_EXERCISE AIM_: Data follows below. Repeat exactly the lines between the line holding "Floating Pear Ring" and the line holding "Lavie red solid shoulder on sale bag", inclusive, and nothing more; drop pictures.

_MATERIALS PROVIDED_:

· · · ·

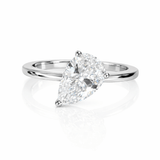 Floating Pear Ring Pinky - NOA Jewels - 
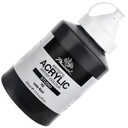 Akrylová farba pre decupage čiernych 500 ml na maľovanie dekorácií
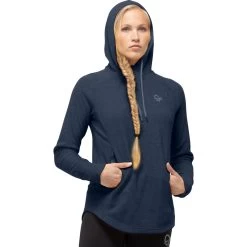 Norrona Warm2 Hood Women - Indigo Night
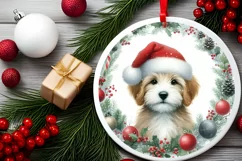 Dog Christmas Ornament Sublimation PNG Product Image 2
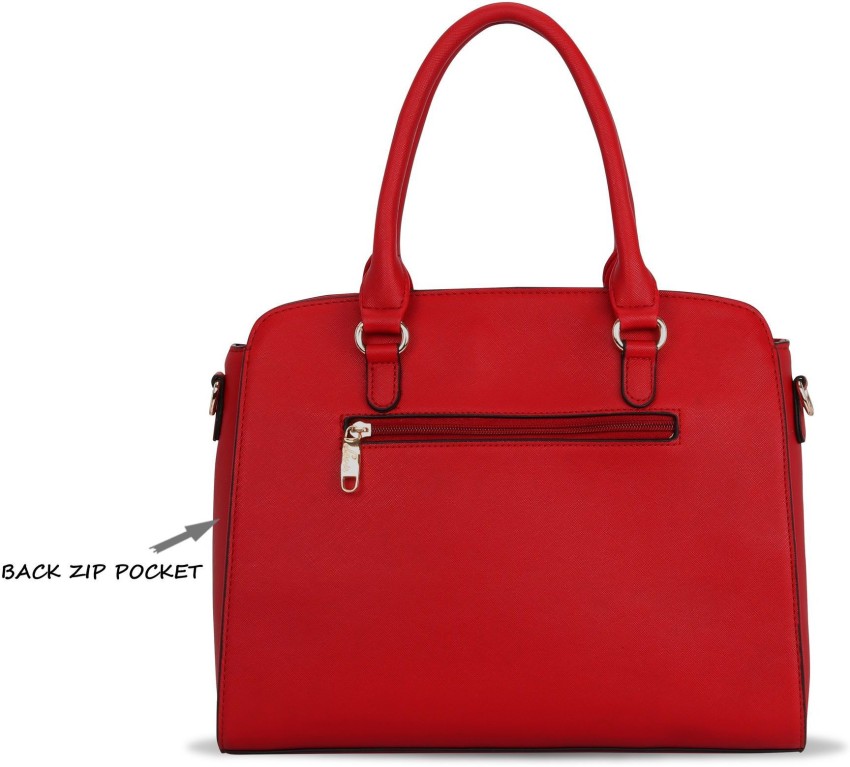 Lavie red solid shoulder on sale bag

· · · ·

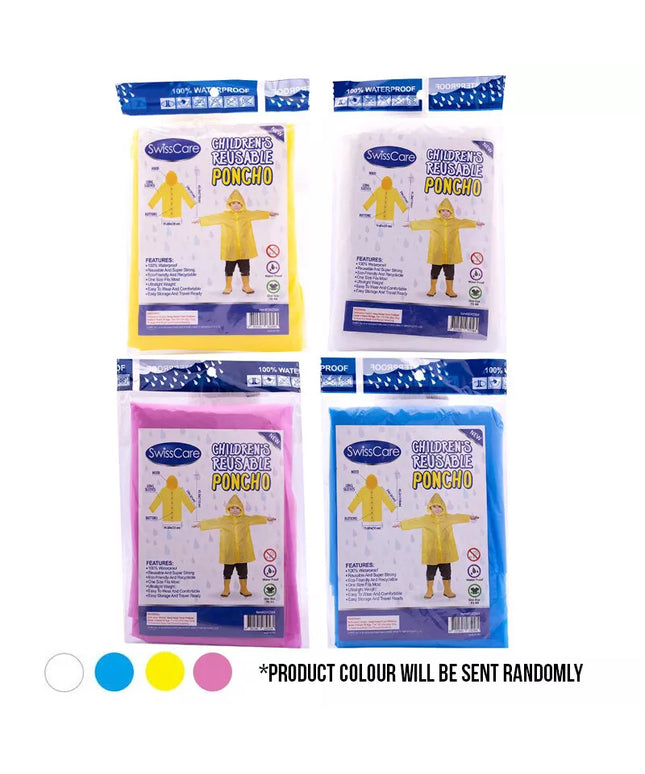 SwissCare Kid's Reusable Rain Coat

· · · ·

_OUTPUT BELOW_:
 Floating Pear Ring Pinky - NOA Jewels - 
 Akrylová farba pre decupage čiernych 500 ml na maľovanie dekorácií
 Norrona Warm2 Hood Women - Indigo Night
 Dog Christmas Ornament Sublimation PNG Product Image 2
 Lavie red solid shoulder on sale bag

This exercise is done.